Chairs (1971), drawn in felt-tip on paper, turns everyday furniture into sentient beings. Chairs sprout limbs, bodies collapse into seating surfaces, and recliners burst like sacs of tissue. Boundaries between animate and inanimate dissolve. Lassnig reveals how objects injure and absorb us, how the body co-creates its environment. The jaunty gypsy-jazz soundtrack introduces a layer of irony to what is ultimately a haunted deliberation of mortality.

Selfportrait (1971), the first cartoon self-portrait in film history, is Lassnig’s defiant rebuttal to patriarchal modes of representation. She maps failed relationships onto grotesque transformations: a face becoming a heart, a heart becoming a machine, veins linking her to a man who drains her vitality. Yet she insists, “I still love humanity despite my horrible experiences with men.” The film anticipates the surreal body-horror of Bill Plympton but exceeds it in emotional clarity. Lassnig rejects flattering likeness and instead draws a living diagram of pain, humor, and renewal.

Shapes (1972) presents silhouetted figures dancing to Bach’s harpsichord, later joined by starched-cloth stop-motion forms. The result is an animated counterpoint in which shapes stretch and collapse with the music, each silhouette a brief embodiment. Couples (1972) extends this into a portrait of relational struggle. Awkward figures pair and separate, pursuing and avoiding one another. Lassnig uncovers the animal core of domestic life. A man complains, “I have my needs and desires, but you’re not my universe,” only to hear, “Oh? This is life?” Magazine cutouts erupt into Terry Gilliam-style interludes that remind us how romance becomes a collage of need, illusion, and endurance.

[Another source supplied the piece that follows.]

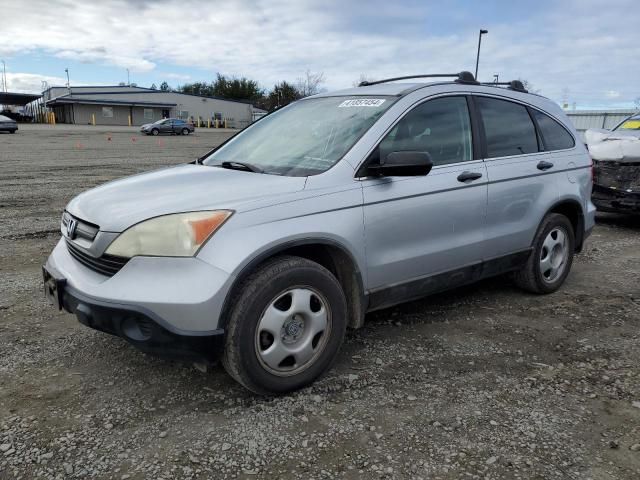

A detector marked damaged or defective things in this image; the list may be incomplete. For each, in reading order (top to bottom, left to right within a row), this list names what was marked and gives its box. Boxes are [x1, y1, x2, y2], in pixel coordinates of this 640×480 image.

Palmistry (1973) interprets fortune-telling as a psychosexual science of misreading. Lassnig layers childhood development, superstition, and self-distortion. The hand becomes a site where knowledge and desire collide, a literal reading of a life shaped by fear, imagination, and longing for impossible relationships.

Art Education (1976) is her most openly feminist work. She stages scenes from Vermeer, Michelangelo, and other canonical male artists, revealing how women’s bodies are objectified, ignored, or disciplined. Then, she reverses the order of things: the model paints the artist, Adam pleads with God to alter him, and Eve’s desires become unanswered questions. Guided by French Baroque music, the film exposes the absurdity of institutional authority and the violence within art history’s gender scripts. “You are Michelangelo’s invention,” Adam accuses God, a line that elegantly reveals how male fantasies pass as divine truth.

Maria Lassnig Kantate (1992), previously included in As She Likes It (INDEX 023) and co-directed with Hubert Sielecki, is the late flowering of this sensibility into song. At 73, Lassnig turns her life into an operatic self-portrait: childhood, art-school humiliations, betrayals by lovers, creative victories, and the joy of teaching, all rendered with humor, vulnerability, and exuberant self-possession. It is the natural culmination of a career devoted to reclaiming the body—its sensations, distortions, humiliations, and triumphs—as the truest site of art.
Across these films, Lassnig masterfully rewrites animation as a form of interior autobiography. She is not concerned with fantasy but with feelings that refuse to remain private: the embarrassment of being seen, the tenderness of self-regard, the absurdity of desire, the slow healing of wounds inflicted by patriarchy, memory, and time. In every frame, she insists that to draw is to inhabit, which is already an act of resistance.
This treasure trove belongs in every experimental cinephile’s collection.